6. Enjoy new life of disk.


----------



## SirDice (Jan 6, 2010)

Replace them every three years? Why? I have 10 year old disks that still work 

As long as you keep an eye out for bad sectors and the SMART statistics you'll know soon enough when it's time to replace the drive.


----------



## michaelrmgreen (Jan 6, 2010)

Alright SirDice. What's the weather like in the Netherlands, grim I bet! 

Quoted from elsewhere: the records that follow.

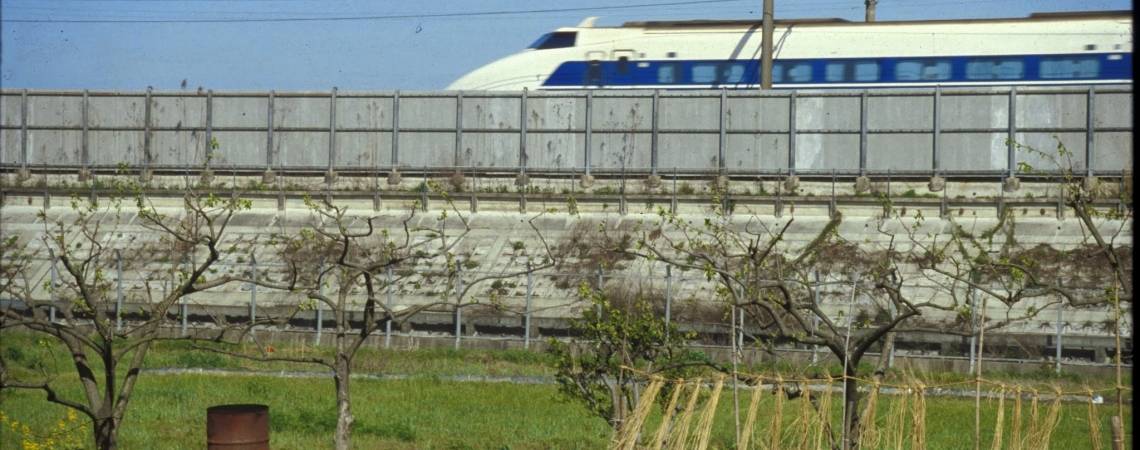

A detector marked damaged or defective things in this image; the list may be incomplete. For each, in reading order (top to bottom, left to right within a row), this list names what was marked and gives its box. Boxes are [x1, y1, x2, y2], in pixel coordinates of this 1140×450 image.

rusty metal barrel [206, 405, 270, 450]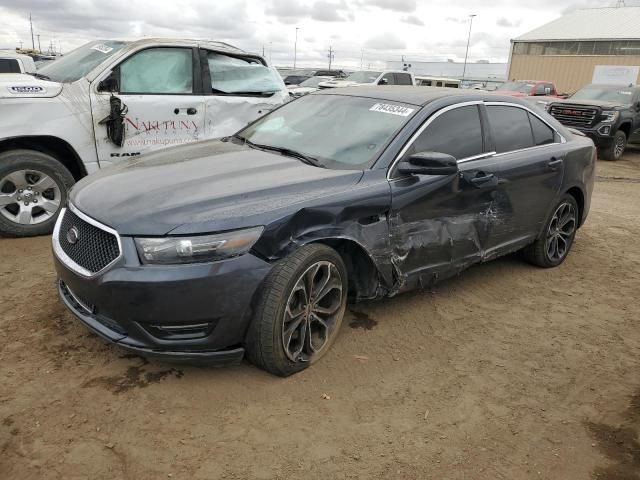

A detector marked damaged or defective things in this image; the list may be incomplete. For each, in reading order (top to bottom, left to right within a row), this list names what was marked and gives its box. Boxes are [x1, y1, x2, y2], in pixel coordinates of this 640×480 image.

damaged truck door [90, 46, 204, 164]
damaged sedan side [51, 88, 596, 376]
damaged truck door [388, 102, 502, 288]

I change the hard disks to minimise the chances of having to do an unplanned restore. I know some disks will have a long life but some won't, and I don't trust S.M.A.R.T. to keep me in the loop.

Just over cautious I guess. Still the HOW-TO still works, and see how simple it was. Just the job for dim, lazy people like me!


----------



## SirDice (Jan 6, 2010)

michaelrmgreen said:
			
		

> What's the weather like in the Netherlands, grim I bet!


Cold and grim indeed. It started snowing again so the drive home is going to be somewhat challenging :e 



> I change the hard disks to minimise the chances of having to do an unplanned restore. I know some disks will have a long life but some won't, and I don't trust S.M.A.R.T. to keep me in the loop.


Fair enough.


----------



## phoenix (Jan 6, 2010)

You can also just run rsync while the system is running to copy from one disk to another.  Just be sure to use -H (--hard-links) on a FreeBSD system, or the copied drive usage will be many, many times larger.    If this is a boot drive, though, there's a couple of extra steps that need to be done (install the boot blocks, for instance).


----------



## Beastie (Jan 6, 2010)

michaelrmgreen said:
			
		

> 5. Switcharoo the disks.


Is that the Japanese version of an English word?

Or is it this? :O


----------



## SirDice (Jan 6, 2010)

Beastie said:
			
		

> Is that the Japanese version of an English word?
> 
> Or is it this? :O



The old Switcheroo


----------



## xy16644 (Jan 10, 2010)

This is also great if you want to upgrade to a larger capacity disk. Yes?

How does this work if your disks are mirrored?


----------



## michaelrmgreen (Jan 11, 2010)

>This is also great if you want to upgrade to a larger
>capacity disk. Yes?
Yes and no. The 'extra' would have to be set up manually as a seperate file system.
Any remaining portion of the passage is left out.